La contre-attaque de Vučić

Le même jour que le grand rassemblement de Kragujevac, le Président Vučić a décidé d’organiser un meeting concurrent de son « Mouvement pour le peuple et l’État » annoncé comme sa réponse politique à l’opposition toujours croissante à son règne. 

Initialement prévu à Novi Sad, ce rassemblement a finalement eu lieu dans la petite ville de Sremska Mitrovica (40 000 habitants), non loin de la frontière avec la Republika Srpska, l’entité serbe en Bosnie-Herzégovine.

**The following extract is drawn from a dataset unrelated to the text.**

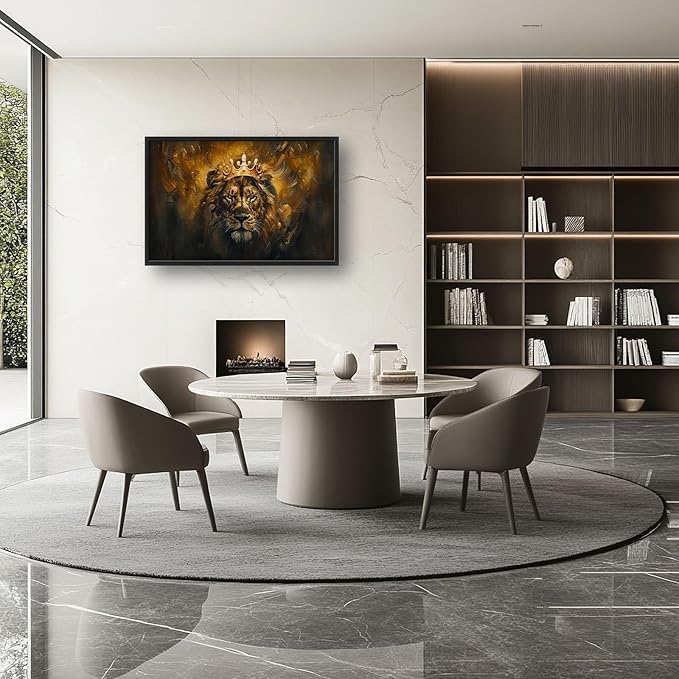 Lion Wall Art Lion Pictures Wall Decor Animal Canvas Prints Framed Artwork Paintings Home Office Decorations for Living Room Bedroom Dinning Room Corridor 36"x24"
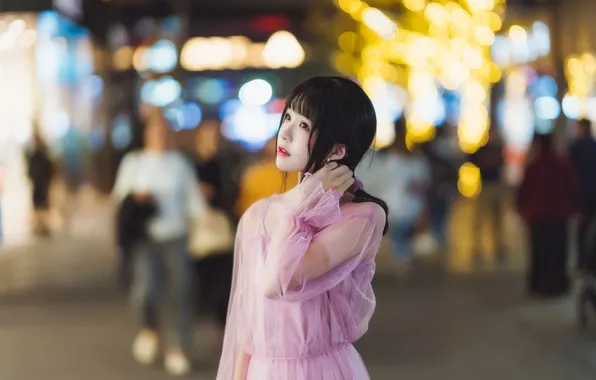 Beautiful, Asian, Model, Lights, Night, Street, Woman, Cute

Contrairement au rassemblement massif de Kragujevac, où les gens s’étaient rendus de leur plein gré et par leurs propres moyens — y compris le nombre impressionnant d’environ 800 chauffeurs de taxis qui s’étaient portés bénévoles pour ramener les étudiants marcheurs chez eux —, les participants du meeting de Vučić ont été amenés par des bus mis à disposition par le SNS, le parti au pouvoir. Nombre d’entre eux avaient reçu en guise de per diem un peu d’argent et un simple sandwich, ce qui a suffi à motiver des segments parmi les plus pauvres de la société serbe à se rendre à ce rassemblement.

Plusieurs médias indépendants ont en outre rapporté que certains fonctionnaires d’État avaient reçu l’ordre d’assister au rassemblement de Vučić sous la menace de perdre leur emploi en cas d’absence. 

Un grand nombre de bus sont également venus de la Republika Srpska, organisés et payés par Milorad Dodik, président de cette entité, qui était également présent. On estime qu’environ 40 000 personnes ont participé à ce rassemblement. Vučić en attendait 130 000.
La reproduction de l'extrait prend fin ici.